**TASK DESCRIPTION:** Only the text carries over: repeat the records exactly and drop the images.

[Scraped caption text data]
::::

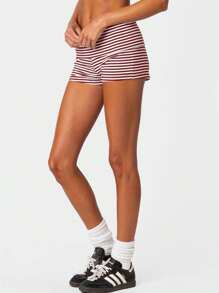 Womens Fold Over Shorts Elastic Waist Y2k Lounge Shorts Foldover Cute Pajama Micro Bottoms Mini Shorts Sleepwear - 紅色 - 查看 2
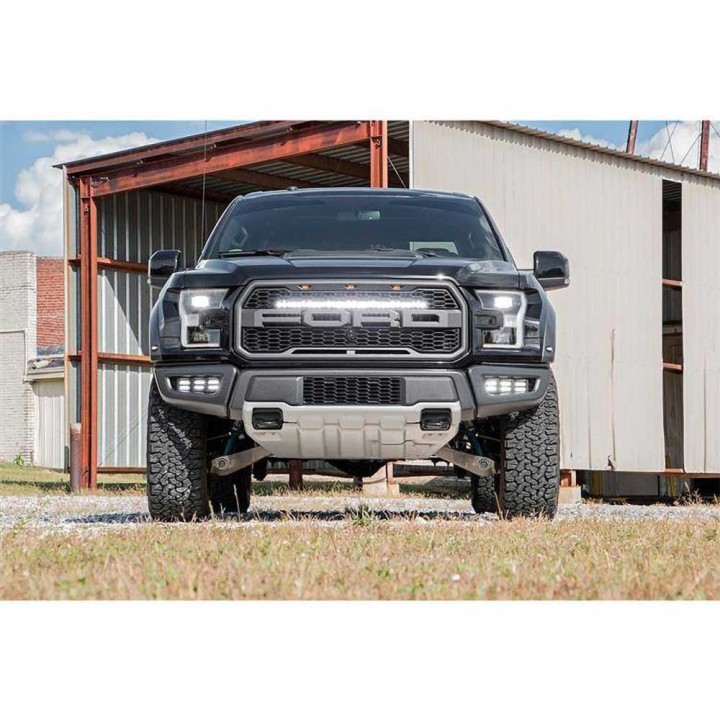 Kit de Integrare Proiectoare LED Omologate Pentru Luminile de Ceață, Rough Country Triple LED fog light kit, Ford F-150 Raptor 2
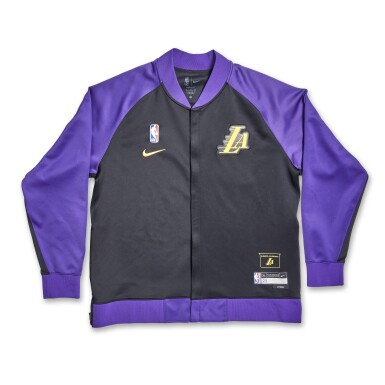 View full screen - View 1 of Lot 4. LeBron James Los Angeles Lakers 2024-2025 Game Worn City Edition Warmup Jacket | Matched to 2 Games | Triple-Double | Double-Double | 39 Points.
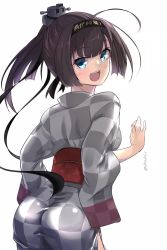 Rule 34 | 1girl, ahoge, akizuki (kancolle), black hair, blue eyes, checkered clothes, checkered kimono, from behind, hachimaki, hairband, headband, highres, japanese clothes, kantai collection, kimono, looking at viewer, lzd, one-hour drawing challenge, open mouth, ponytail, simple background, smile, solo, twitter username, white background, yukata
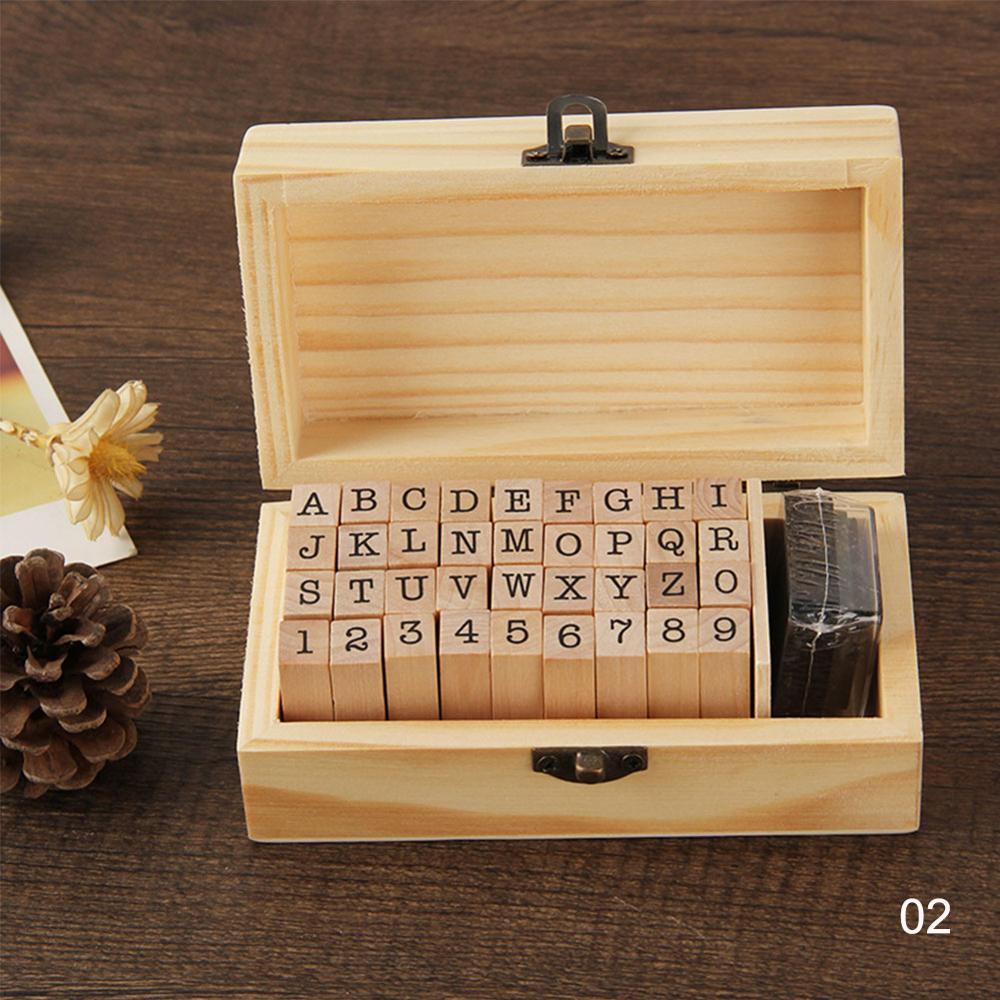 36 stk retro træ stempel sæt vintage bogstaver tal træ stempel sæt dagbog scrapbog planlægger dagbog stempel skole forsyninger: 02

::::

**RESULT BELOW:**
 Womens Fold Over Shorts Elastic Waist Y2k Lounge Shorts Foldover Cute Pajama Micro Bottoms Mini Shorts Sleepwear - 紅色 - 查看 2
 Kit de Integrare Proiectoare LED Omologate Pentru Luminile de Ceață, Rough Country Triple LED fog light kit, Ford F-150 Raptor 2
 View full screen - View 1 of Lot 4. LeBron James Los Angeles Lakers 2024-2025 Game Worn City Edition Warmup Jacket | Matched to 2 Games | Triple-Double | Double-Double | 39 Points.
 Rule 34 | 1girl, ahoge, akizuki (kancolle), black hair, blue eyes, checkered clothes, checkered kimono, from behind, hachimaki, hairband, headband, highres, japanese clothes, kantai collection, kimono, looking at viewer, lzd, one-hour drawing challenge, open mouth, ponytail, simple background, smile, solo, twitter username, white background, yukata
 36 stk retro træ stempel sæt vintage bogstaver tal træ stempel sæt dagbog scrapbog planlægger dagbog stempel skole forsyninger: 02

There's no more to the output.